I didn’t know I could love your family and care about your story and become passionate about your people the way I have. There was a lot I didn’t know before I became your mom. There was a lot no one could teach me. No one but you.
You taught me that wrestling is a love language. You have always needed strong touch, firm hugs, rocking and wrestling. Sometimes I’m not sure you hear me when I tell you how much I love you, but when I swing you around and squeeze you and you laugh, I know you know it. I know when you curl up next to me on the couch and lay your head on my leg, you’re telling me you love me, too.
You taught me to look at life with adventurous eyes. You are capable of getting in far more trouble than I ever thought possible. As a toddler anything with shelves looked like a ladder to you. When we cook together you want to smell and taste all the spices before we add them. You prefer to hang upside down on the swings.

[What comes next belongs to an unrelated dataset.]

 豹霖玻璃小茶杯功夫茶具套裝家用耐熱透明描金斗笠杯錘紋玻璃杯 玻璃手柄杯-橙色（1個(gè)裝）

If I hear a “Hey Mom” from somewhere up above me, I know you’ve found a climbing tree. You want to ride every roller coaster. In some ways you are a fearless child. That has made me have to take on some of the fear for you and help you understand what dangers are around you, but it has also helped me see the world as a less fearful place. There is a lot of fun in the world you live in. A lot of adventure and excitement. I love that you take me there with you.
You taught me that learning something on your own is a pretty amazing feeling. I thought you would wait to learn how to ride a bike until that perfect moment where your dad would let go of the back of your seat and I would have the camera in hand. But not you. You taught yourself to ride the bike by steadying yourself against the (new) van and taking off. You fell so many times and you scratched up the van, but your determination was amazing. And I wasn’t a bit surprised. I’ve learned in parenting you to let you try the things I think you may fail at because you often prove me wrong. And I’ve learned that the feeling of success I find in figuring out what motivates you and how you tick– the child that came without a handbook and who doesn’t follow the rules I thought all kids followed– is one of the greatest highs in the world.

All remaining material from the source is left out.